* **WHAT IS EXPECTED**
Set every line of the data down again exactly, and keep the pictures out.

* **STORED DATA**
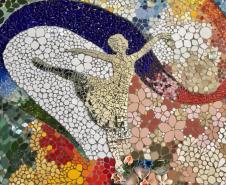 No Colégio Estadual do Paraná, a técnica é ensinada no Modulado de Mosaico da Escolinha de Arte, onde os alunos, com idade a partir dos 10 anos, participam das atividades que resultam na criação de quadros artísticos, trabalhos abstratos, utilitários, peças decorativas e outros itens.
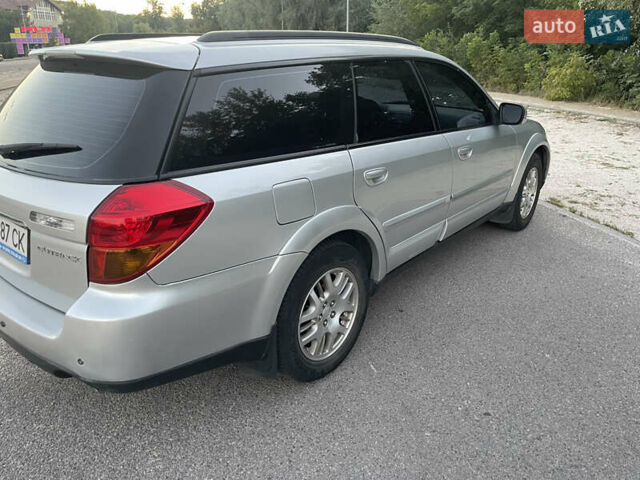 Сірий Субару Легасі, об'ємом двигуна 2.5 л та пробігом 260 тис. км за 5800 $, фото 2 на Automoto.ua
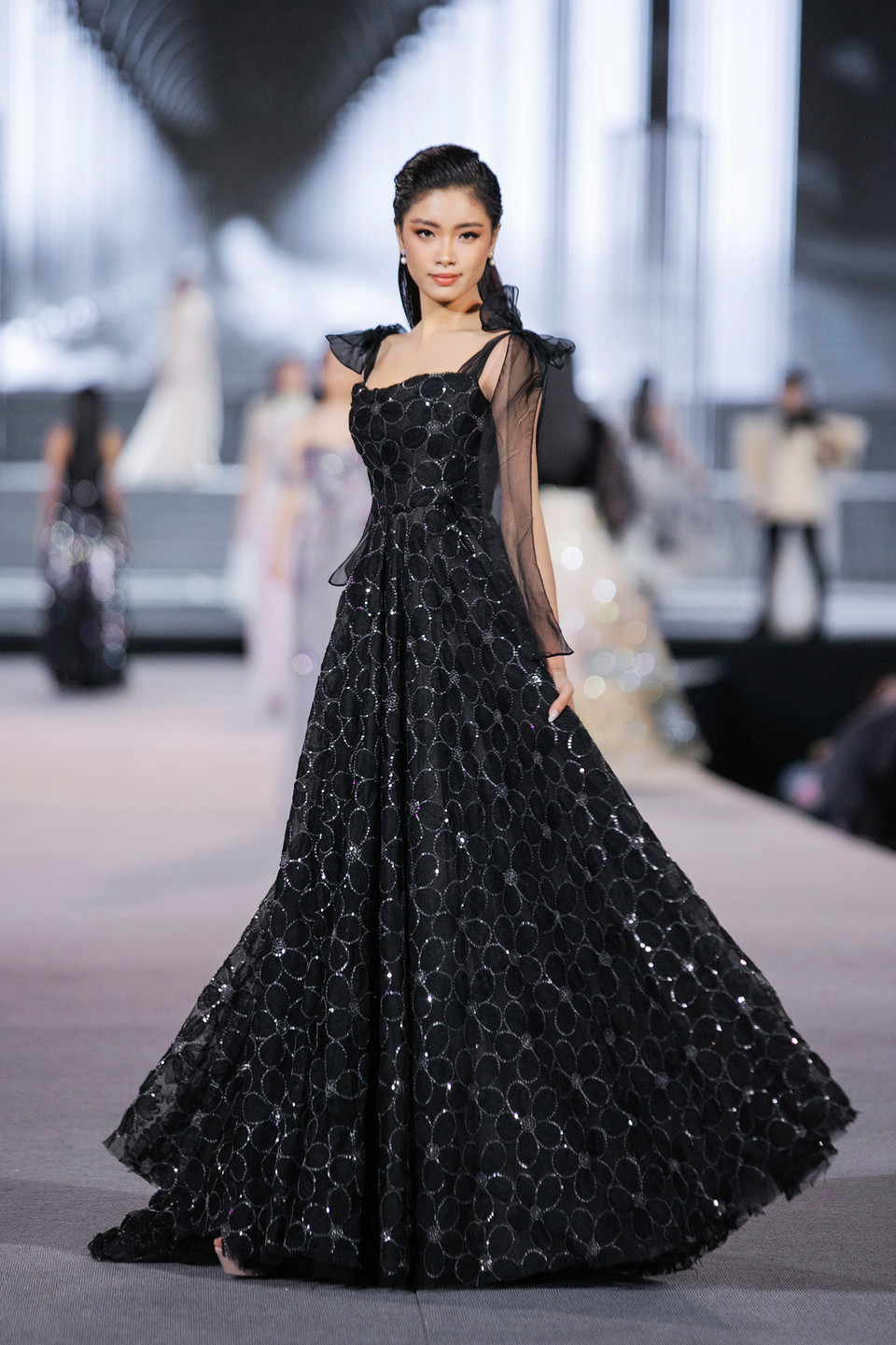 Nét điển hình của các thiết kế trong 'Vẻ đẹp bất tận’ của nhà thiết kế Tùng Vũ là những mẫu đầm voan có họa tiết ren, đính hoa, đính cườm thủ công trên vải satin... độc đáo. (Ảnh: CTV/Vietnam+)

* **OUTPUT FOR THIS EXERCISE**
 No Colégio Estadual do Paraná, a técnica é ensinada no Modulado de Mosaico da Escolinha de Arte, onde os alunos, com idade a partir dos 10 anos, participam das atividades que resultam na criação de quadros artísticos, trabalhos abstratos, utilitários, peças decorativas e outros itens.
 Сірий Субару Легасі, об'ємом двигуна 2.5 л та пробігом 260 тис. км за 5800 $, фото 2 на Automoto.ua
 Nét điển hình của các thiết kế trong 'Vẻ đẹp bất tận’ của nhà thiết kế Tùng Vũ là những mẫu đầm voan có họa tiết ren, đính hoa, đính cườm thủ công trên vải satin... độc đáo. (Ảnh: CTV/Vietnam+)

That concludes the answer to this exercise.